The inquiry applauded the profession’s commitment to upgrading its own skills and its efforts to develop skills in others.  It noted perceptions about the relevance of librarians in a changing information industry workforce, concerns about an ageing profession, the increased emphasis on ICT components in undergraduate and postgraduate courses, the decline in those undertaking library courses, the need for better ICT skills in librarians and the importance of continuing education and training.  However, it confined its recommendations to encouraging ongoing research on adaptive technologies for the use of online equipment in public libraries by persons with disabilities.

It is an area that the profession itself must address.  The Museums, Libraries and Arcbives Council, drawing on conclusions in Towards a Strategy for Workforce Development, calls for a thorough overhaul of professional educational needs in the UK and better co-ordination between the various bodies involved in workforce development to confront a ‘cultural malaise’ and address shortfalls in leadership, management, advocacy, technology and commercial skills.  In Australia, the Australian Library and Information Association, Australian Society of Archivists and Records Management Association of Australia are responding to the realities of the marketplace and changes in university education by tinkering with membership classifications, certification and training issues.  Create Australia’s new museum and library and information services training package reflects the changing language of competency.  Amalgamation of the IT-led information disciplines continues to be evolutionary rather than revolutionary.

Information literacy is an imperative that is rated highly by the profession, but is it an overblown concept that attracts misdirected energy and expenditure?

Certainly the ‘digital divide’ drives the World Summit on the Information Society’s agenda and similar programs.  Statistics reinforce a global need: wealthy nations are rapidly accruing the advantages of the global IT revolution, but less that 7 % of the world’s population is online and less than 20% has access to a telephone.  About 99.7 % of the population of the industrialised world can read and write, but in poor countries national literacy rates are as low as 25%.

The senate report accepts this societal need, even for a country with high literacy.  Libraries, it says, have a significant role to play because they are one of the very few organisations to which a majority of the population belongs.  “They have already made a highly valuable contribution, unobtrusively, to an information-literate Australia but must be able to maintain and improve their services, particularly with regard to training and outreach activities, to continue their good work.”  ALIA, the Council of Australian University Librarians and the Council of Australian State Libraries all have policies or standards promoting the value of information literacy to members and a wider constituency.

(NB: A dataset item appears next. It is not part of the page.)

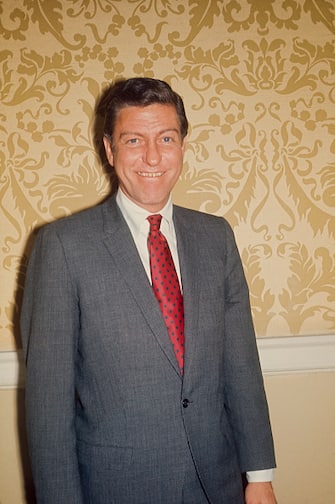 Dick Van Dyke posing for the photographer  wearing a gray suit and red tie; circa 1970; New York. (Photo by Art Zelin/Getty Images)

Information overload is also touted as a cause for library action.  It has become difficult to differentiate between quality material and dross, the argument goes.  According to one report, it has caused an 8 per cent drop in productivity.  Bawden, Holtham and Courtney, in examining its multiple and complex causes and solutions, say that, although information overload is an overused concept, it is a real and continuing issue. But, enforced standardisation of information literacy as a well-meaning attempt to overcome overload, they say, may do more harm than good.

Muir and Oppenheim also temper enthusiasm on the matter: although there is widespread acceptance that the digital divide is a problem and universal access is desirable, the efficacy of initiatives to address these issues is unproven.  GE Gorman encapsulates information literacy as a trendy replacement for professional competence and user education.  Some authors suggest that work on intelligent search agents and interfaces may be more deserving of effort.  And Krystyna Weinstein, no doubt influenced by the principles of knowledge management, says that, as people become less able to absorb all available information and knowledge, they should give themselves permission to not know, then work with others who might know.

Some professional people and senior citizens work and relax without disadvantage in the absence of a computer or an Internet connection.  The educational system is continuing to develop skills in locating information and thinking critically.  The benefits of assisting the elderly or immobile to shop, bank and chat online may be considerable.  Librarians need to continue to help people use their services.  In Australia, information literacy may be more of a commercial opportunity than a social obligation.

PROMOTION

The inquiry observed that, although public libraries are used by a majority of the Australian population, their ability to assist users to harness the potential of online services has not been adequately recognised.  There should be much more promotion of what libraries have to offer, “above and beyond their role as a supplier of recreational reading.”  It encouraged federal and state governments to include statements about the availability of further information in public libraries when promoting Government e-services.

This will be helpful, but will hardly address the complexities of marketing a sector with diverse products and services.  Nor will it address the need for more effective advocacy to influence decisions by governments, businesses and colleagues.

FUNDING

Australian libraries rely almost entirely on government funding.  There is currently no recurrent federal funding to public libraries, except for commitments to the National Library of Australia and grants through programs like Networking the Nation.  The federal government also supports, indirectly, libraries in the education sector, although the precise amount, according to the senate report, is a mystery.  Bequests and corporate donations play an insignificant role in Australian library operations - few libraries have a high enough profile to attract corporate sponsors.  Public libraries raise less than 10% of their income from user charges.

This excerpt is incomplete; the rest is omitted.